MADRID: With FIA president Max Mosley bowing out, aspiring candidate Ari Vatanen doesn't believe preferred successor Jean Todt can represent a clean break with the past for Formula One's governing body.

The 57-year-old Finn, a former world rally champion, so far is the only official candidate to replace Mosley, who announced on Wednesday that he will not seek a fifth term in October.

But to take over FIA, Mosley backed close friend and former Ferrari team principal Todt, who Vatanen does not believe will bring needed change to a series on the verge of splitting partly due to decisions taken by Mosley.

"They are very close friends and worked very closely together when Jean was at Ferrari and Max at the FIA. But that can also turn out to be a handicap," Vatanen told the Associated Press in an interview on Wednesday. "You need a new star, you need an independent person who represents change." Vatanen raced for Todt at Peugeot in the 1980s.

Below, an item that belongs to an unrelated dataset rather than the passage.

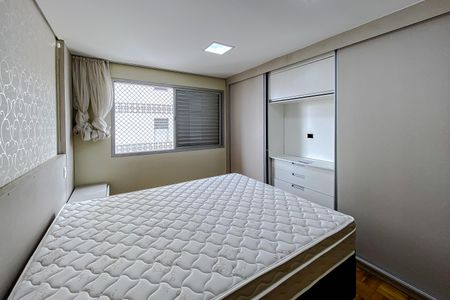 Apartamento à venda com 70m², 2 quartos e 1 vagaQuarto 2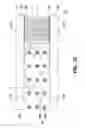 Fig. 06 - Light source module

"The fact that he has FIA support may somewhat distort the situation, but I'm not worried. When the wind starts changing, it does change," the Tuupovaara native said. "I'm not dethroning Jean - there's an opening. If I can resume my campaign in one way, something that Jean successfully applied to various disciplines and teams: If you want to win, take a Finn." Vatanen has labeled himself as a lightning rod for change, an independent candidate who can rally the manufacturers and the member federations around his own record as a 10-year member of the European Parliament.

That could be needed after Mosley's bid to cut costs left the leading teams ready to abandon the 60-year-old series to start up a breakaway series.

Vatanen counts himself as a close friend of Mosley's, but believed it was time for the 69-year-old Englishman to step aside after 16 years at the helm.

"We are all very vulnerable to that trap that you think the world revolves around yourself. Any leader in the world, when you are very much long in power you overestimate your own possibilities and anyone who criticizes you is seen as a threat," Vatanen said from the Spanish capital.

"During the entire campaign I wanted to be constructive, no mudslinging, no dirt-throwing. We have to look now forward. What a poor picture we have given of ourselves to the rest of the world.

FIA simply needs to recuperate its dignity and integrity. We need a new start." Mosley called and won a confidence vote last year after a British tabloid published details of a sex orgy involving him and five prostitutes.

"I would have stepped down," Vatanen said. "When you are the head of the federation, the federation does not belong to you, you are the servant of the federation.

"I have no illusions about power. It might sound pretentious, but this is really for nobleness." For Vatanen, part of what made Mosley exceptional - and also hurt him - was his extraordinary life story, which made Wednesday's announcement far from surprising.

Mosley, who lost his son to a drug overdose in May, is the son of British Union of Fascists party founder Oswald Mosley.

"If you wrote the book it would be hardly credible," he said.

"We must have a lot of sympathy for Max on a private front. No way that he would have liked to have been remembered as a man, as the president who contributed to the break of F1 and consequently of FIA." Now, Vatanen knows he has to convince the 175-plus member federations, who each have a vote in the matter.

"It's like a house. Inside you think everything's OK when you're a part of it but someone comes from outside and you realise immediately you need to open the windows," Vatanen said. "People are expecting it."